- **Records provided**

*** Begin section ***

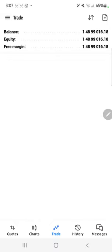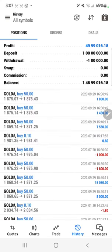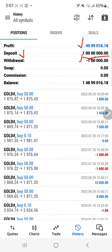Welcome to Forex Trade Once. This is our trading account with an initial balance of 10 million US dollars. You can see the deposit amount is exactly 10 million. The total profit so far is 499,000 dollars in this account, and the withdrawal is 100,000 dollars.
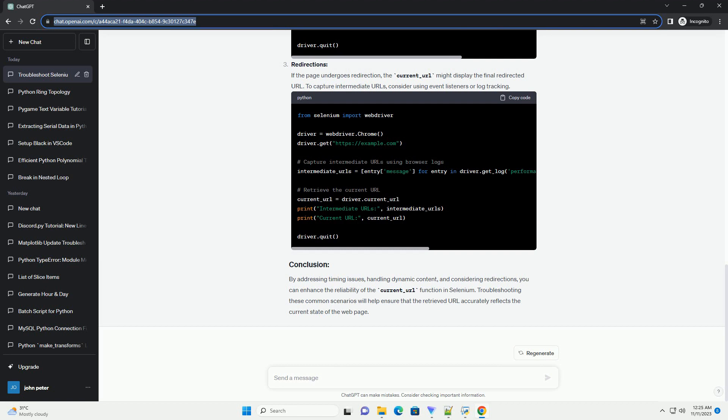Introduction. Selenium is a powerful tool for automating web browsers, widely used for web testing and scraping. One of the essential functionalities it provides is accessing the current URL of a web page through the Current Underscore URL attribute. However, users may encounter situations where the Current Underscore URL function appears to display the wrong address. This tutorial aims to explore common reasons for this issue and provide solutions with code examples.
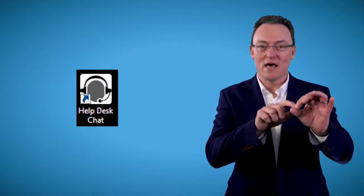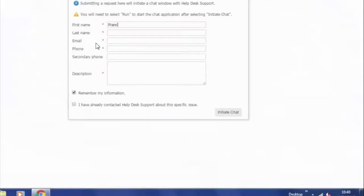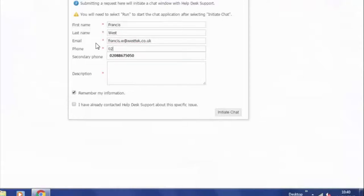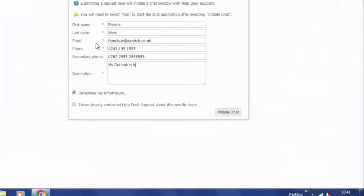If you look at your desktop, you'll see a little icon that says Help Desk with a guy with a headset on. My recommendation is to just double-click on it and immediately a chat box will come up. Put in your name and your contact details and tick the box that says Remember.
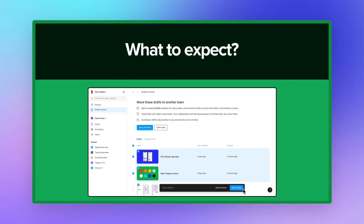On professional teams, collaborators won't be upgraded to a full seat unless they are re-granted edit access. All of your team's paid features — like password protection, advanced prototyping, and dev mode — will now be available in your drafts if you have a full seat.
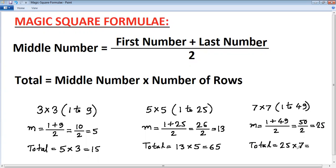You can calculate the total of any magic square without drawing it, provided you know the first number and the last number. Using first and last numbers, calculate the middle number; then using the middle number, calculate the total. Thank you.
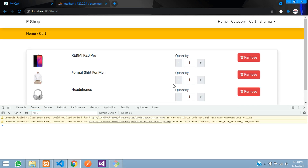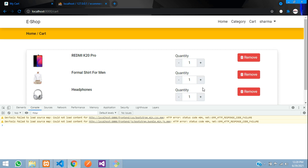Now click remove twice — the products disappear from the cart immediately after deletion. That's it for this video. In the next part we will see how to fetch the cart total price and calculate the total on remove, add, or quantity change. Thank you for watching — please like the video and subscribe to the channel.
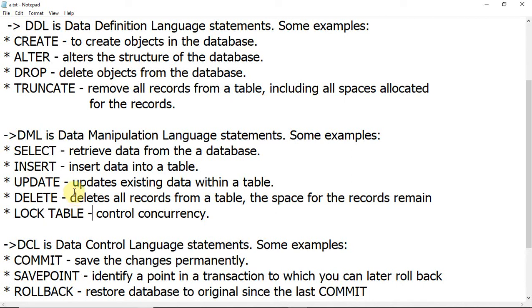Whereas with the DELETE command, if you remove all rows from the table, you can roll back — you can undo the data even after deleting it, just like the Recycle Bin. When you delete a file it goes to the Recycle Bin and you can restore it. So the difference is: TRUNCATE cannot be rolled back, DELETE can be rolled back.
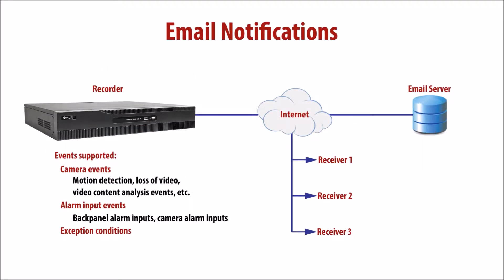Email notification configures the recorder to send email when a particular event occurs. There are three categories of events. Camera events, which include motion detection, loss of video, video content analysis events, and others.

*** End section ***

- **What the task asks**
An exact copy is needed of the stretch above that opens with the line containing "Introduction. Selenium is" and closes with the line containing "If you look"; the pictures are not part of it.

- **Completed task**
Introduction. Selenium is a powerful tool for automating web browsers, widely used for web testing and scraping. One of the essential functionalities it provides is accessing the current URL of a web page through the Current Underscore URL attribute. However, users may encounter situations where the Current Underscore URL function appears to display the wrong address. This tutorial aims to explore common reasons for this issue and provide solutions with code examples.
If you look at your desktop, you'll see a little icon that says Help Desk with a guy with a headset on. My recommendation is to just double-click on it and immediately a chat box will come up. Put in your name and your contact details and tick the box that says Remember.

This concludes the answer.